On pourrait croire a priori que le Québec et les « francophones hors Québec » ont de quoi faire cause commune pour la défense de leur statut au Canada. Ils ont de quoi, certes, mais ils ne le font pas, du moins devant les tribunaux. Pourquoi ?
Le juriste Éric Poirier fournit une réponse à cette question dans son ouvrage incroyablement fouillé qui expose les mécanismes par lesquels minorités francophones et gouvernement du Québec ont presque constamment été dans des camps opposés dans les causes touchant les droits linguistiques devant la Cour suprême.
Le ver dans la pomme : la symétrie que l’on veut naturellement faire valoir et respecter entre les francophones en situation minoritaire (donc partout sauf au Québec) et les anglophones du Québec.
Ce principe remonte aux origines de la Confédération. Mais c’est à partir des années 1970, avec les progrès menaçants du mouvement souverainiste, que les choses se sont crispées. Dès cette époque, les forces fédéralistes (suivez mon regard, la photo de la page couverture dit tout) ont mis en place un piège diabolique : tout ce que l’on interdit aux anglophones du Québec, on devra l’interdire aux francophones hors Québec, et tout ce que l’on permet aux francophones hors Québec, on devra le permettre aux anglophones du Québec.

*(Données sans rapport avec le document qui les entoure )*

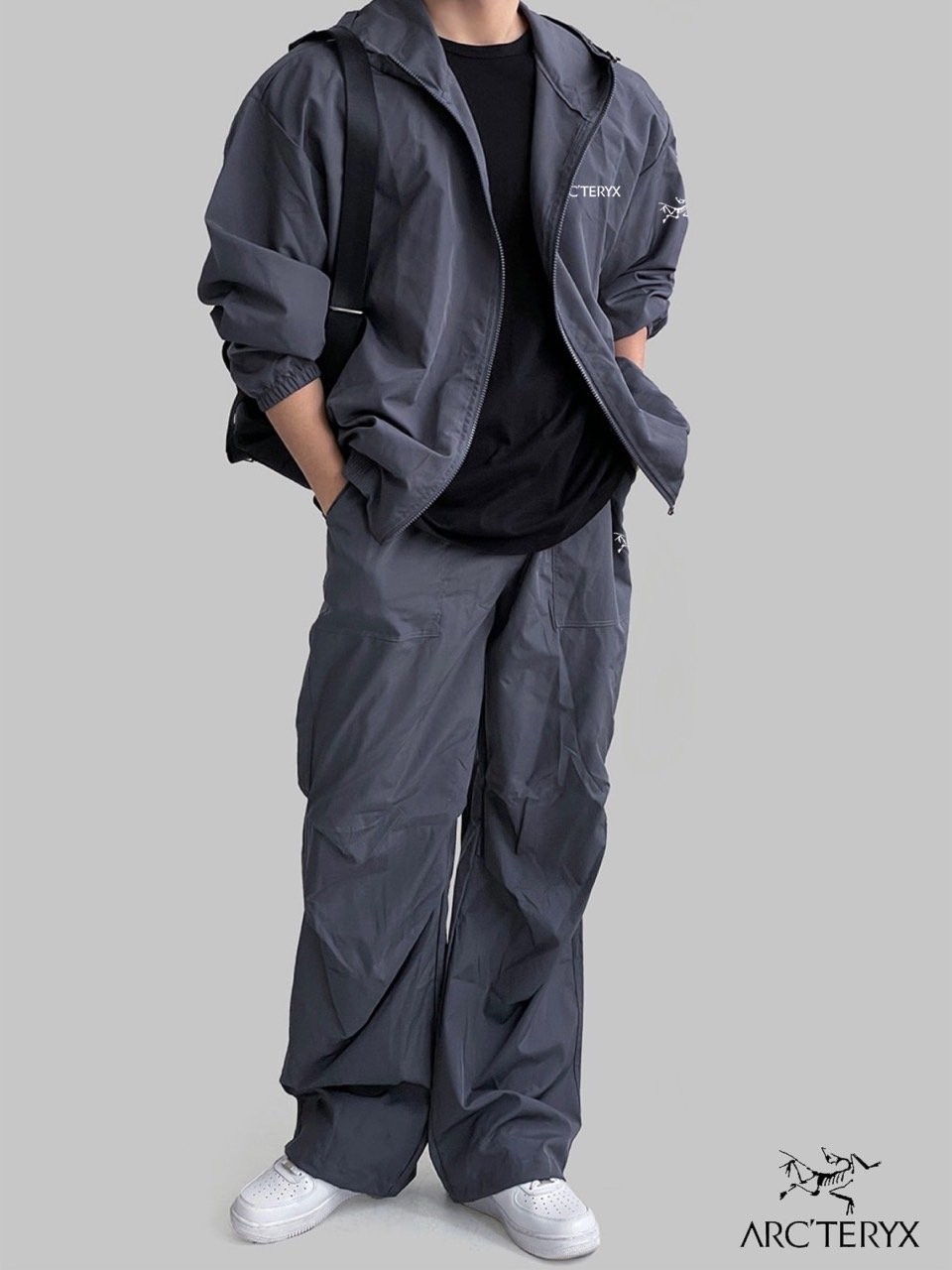 아크테릭스 코어 후드 바람막이 파라슈트 팬츠 세트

Par exemple : quelle autorité peut décider qui a le droit d’aller à l’école dans la langue de la minorité ? Si c’est le gouvernement provincial, le Québec peut appliquer la loi 101, mais alors l’Alberta et la Colombie-Britannique peuvent limiter la fréquentation et encadrer l’administration des écoles françaises. Et si l’on donne plus d’autonomie aux conseils scolaires et aux écoles francophones hors du Québec, il faudra donner autant de liberté aux écoles anglophones du Québec.
C’est ainsi que, pour neuf affaires sur les droits linguistiques portées devant la Cour suprême depuis 1979, « le Québec et les minorités françaises sont intervenus les uns contre les autres » dans huit cas.

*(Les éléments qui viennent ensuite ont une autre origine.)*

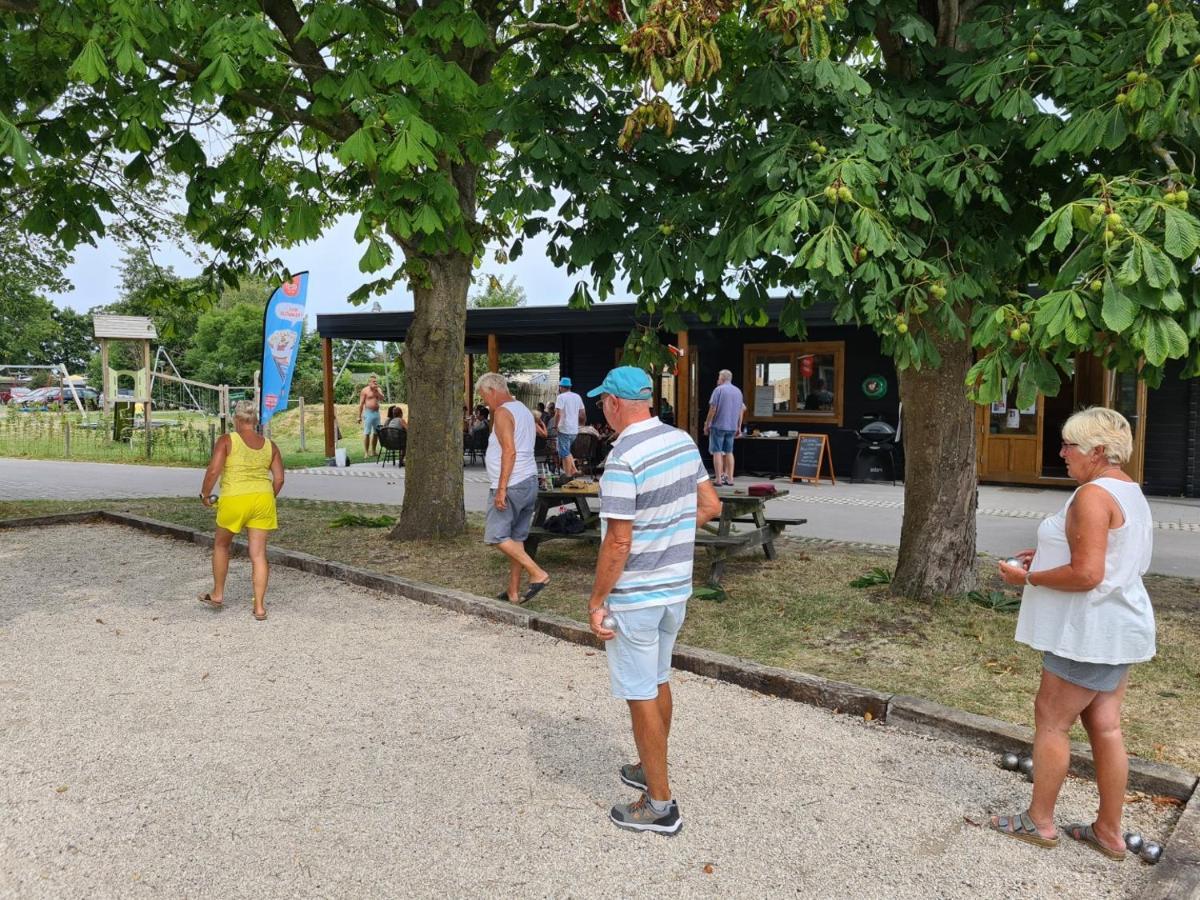 סנט מארטן Bungalow 82 Op Recreatiepark De Wielen מראה חיצוני תמונה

Cette symétrie imposée dans un cadre où les réalités sociales, politiques, démographiques et économiques des « deux minorités » sont loin d’être comparables est, selon l’auteur, savamment entretenue non seulement par les forces politiques fédérales, mais aussi par les magistrats du plus haut tribunal du pays. Au cœur de son étude juridico-historique, l’auteur expose longuement les thèses du juriste français Michel Troper, selon qui 1) les juges ont une liberté beaucoup plus grande (quasi illimitée) que ce qu’ils veulent nous faire croire et 2) ils ont tendance à exercer cette liberté d’une manière qui renforcera leur pouvoir. Poirier montre par le menu en quoi cette vision colle aux arrêts de la Cour suprême du Canada dans le dossier qui nous occupe. En gros, la Cour opte systématiquement (sauf en quelques occasions où elle ouvre une porte… pour immédiatement la refermer) pour une interprétation de la loi et de la Constitution qui va dans le sens de la symétrie, alors qu’en fait elle aurait pu – et pourrait encore – invoquer des arguments tout aussi valables en faveur de l’asymétrie.

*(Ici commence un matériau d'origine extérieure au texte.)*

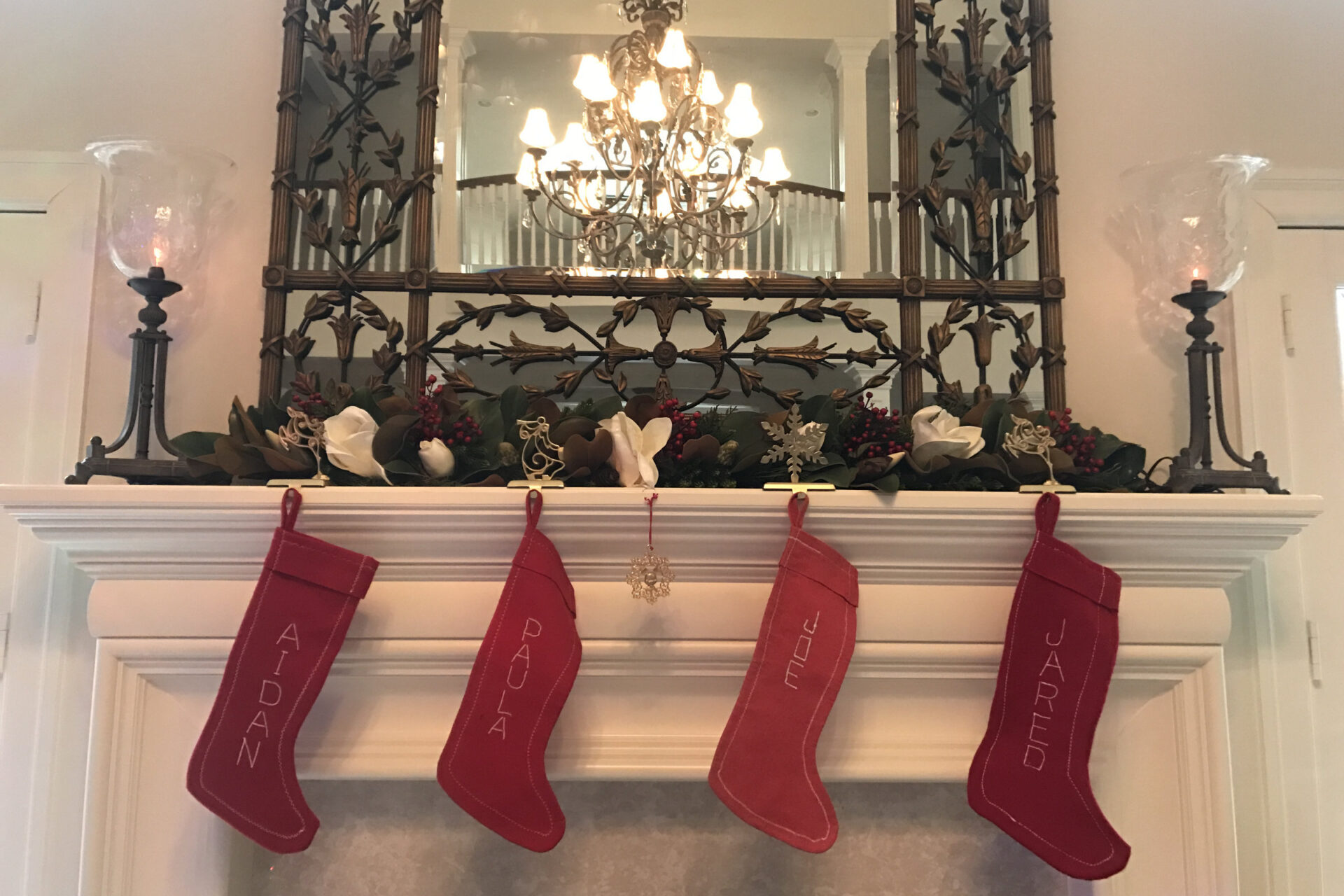 Vacc LR Mantle Holiday Decorating AFTER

Si l’on ne peut qu’éprouver une profonde admiration pour l’auteur devant l’exhaustivité de ses analyses, on aurait peut-être souhaité des démonstrations plus éloquentes des injustices concrètes auxquelles donne lieu la symétrie, au-delà de la simple réalité phénoménologique de l’affrontement entre populations de langue française. Car, pour le commun des mortels, la symétrie demeure a priori un principe juste et équitable dans une fédération. Pour mieux saisir le sophisme qu’elle représente, on pourra profiter comme lecture complémentaire de l’ouvrage Pourquoi la loi 101 est un échec, de Frédéric Lacroix (Boréal, 2020).
Poirier conclut par des pistes indiquant aux premiers intéressés comment ils pourraient s’extirper de ce piège, ce qui passe par une action non pas tant juridique que sociopolitique. En effet, les juges de la Cour suprême ne vivent pas hors du monde. Ainsi, certains types d’interventions publiques persistantes pourraient lui faire craindre « qu’une institution contrôlée par la majorité anglo-canadienne n’apparaisse structurellement réfractaire à la position de la principale minorité nationale du Canada ». Mais pour cela, il faudra que l’entièreté de cette minorité nationale, soit le gouvernement du Québec plus les minorités francophones des autres provinces, travaille en concertation, et non l’une de ses parties contre les autres.